Wild Gate reminds me of a bygone age of video games that you played because they were just fun, and for that fun. Exoprimal gave me the same feeling, and it ultimately died because not enough people gave it the chance it deserved either. I don’t want to see Wild Gate suffer that fate.
However, I’m not here to sell it to you; after all, I only played the playtest, and this isn’t a review. I just want to encourage you to keep an open mind, not just with Wild Gate but with games in general. Especially the ones in the AA and AAA space that are actually taking the risk to be different. The industry is very risk-averse right now, and every time an innovative idea fails, it gets even more risk-averse.

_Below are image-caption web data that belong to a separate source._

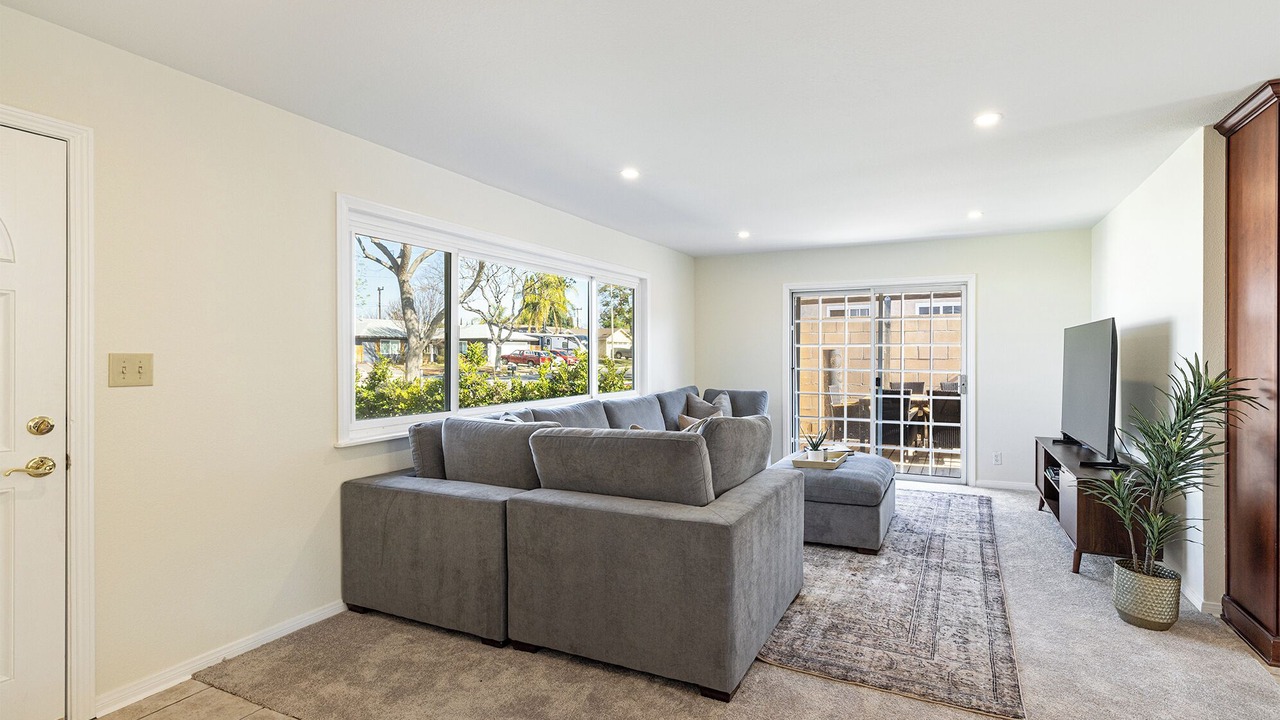Photo of Livingroom in Simi Valley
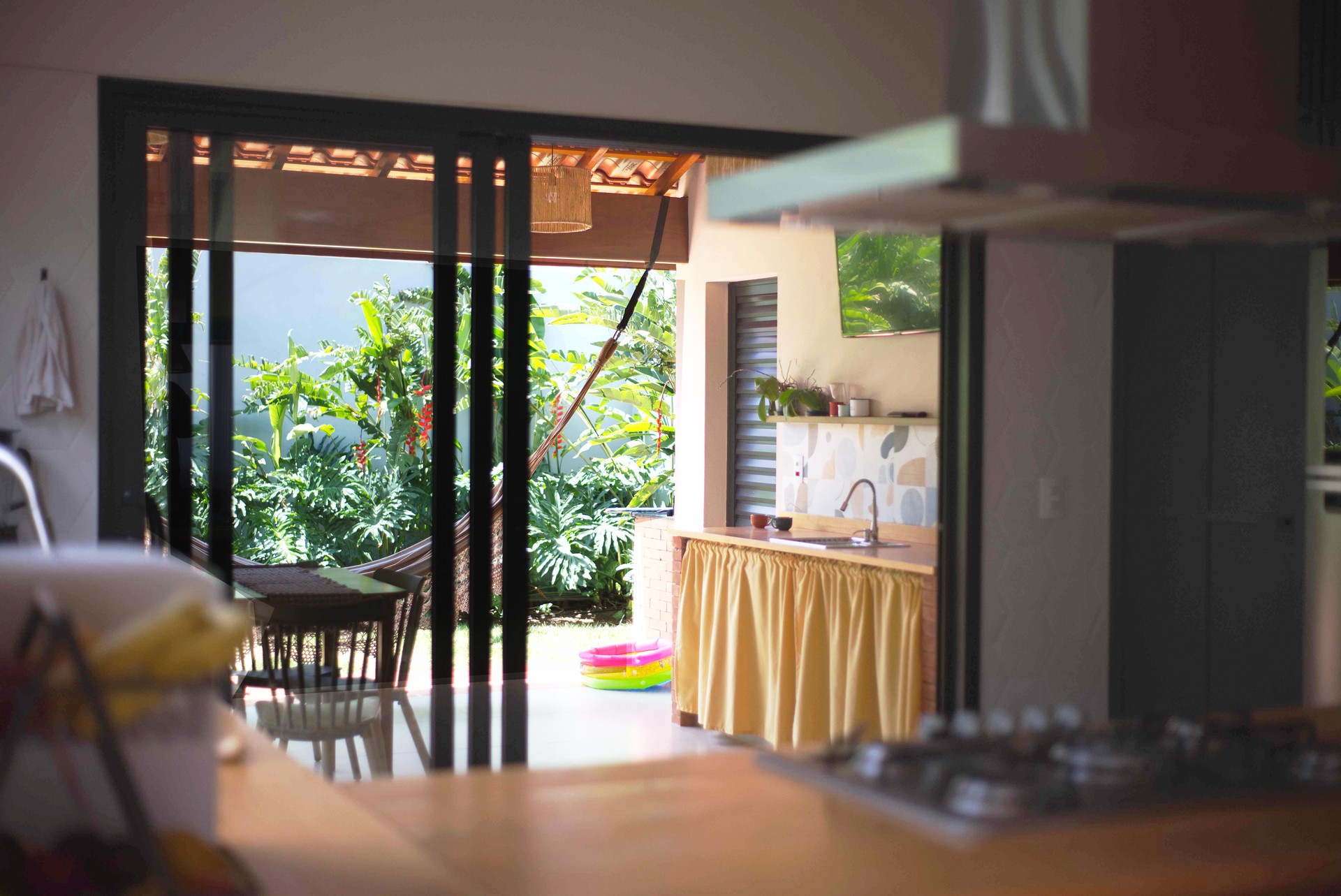 Cozinha integrada com varanda por porta de vidro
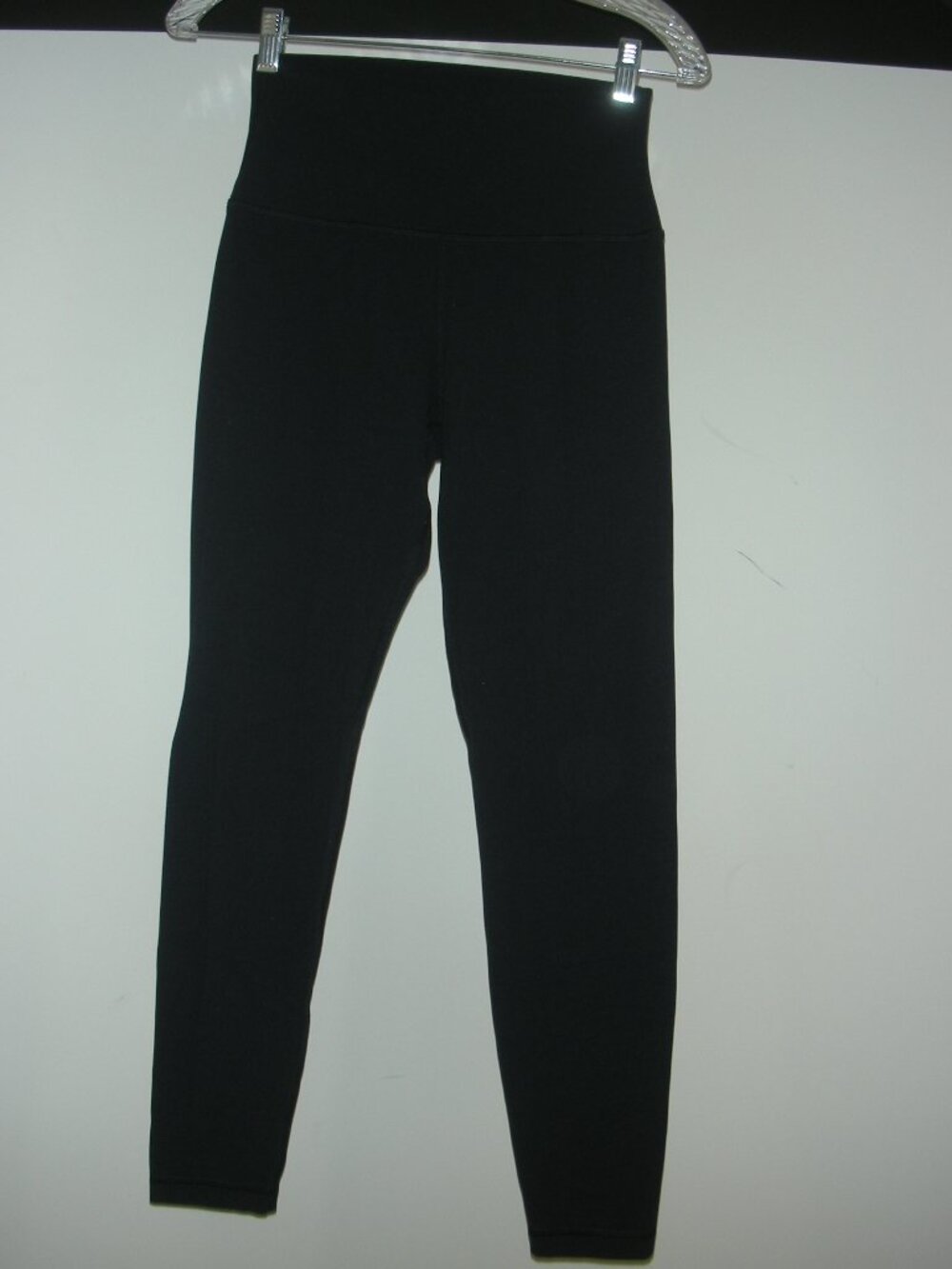 TNA Aritzia TnAction Black High Rise Yoga Leggings M 26" Soft Stretch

I’m just saying, keep an eye on Wild Gate, and be open to new experiences. I’m not saying you should feel bad about not spending money on a game you might not like, but I do think a lot of folks, myself included, are too quick to decide they automatically don’t like something without playing it. Especially since internet echo chambers are all the rage.
I’m just in constant fear of console and PC gaming delving deeper into the homogeneous territory where all we get are safe sequels, clones of tried and true formulas, and addictive skinner boxes cosplaying as a dopamine button. Wild Gate is an example of a game bucking those ideas.
Maybe Wild Gate will release, be complete crap and I’ll have egg on my face. But at least let it have that fighting chance, rather than shrugging it off already, simply because it’s a PVP game that isn’t following that tried and true formula.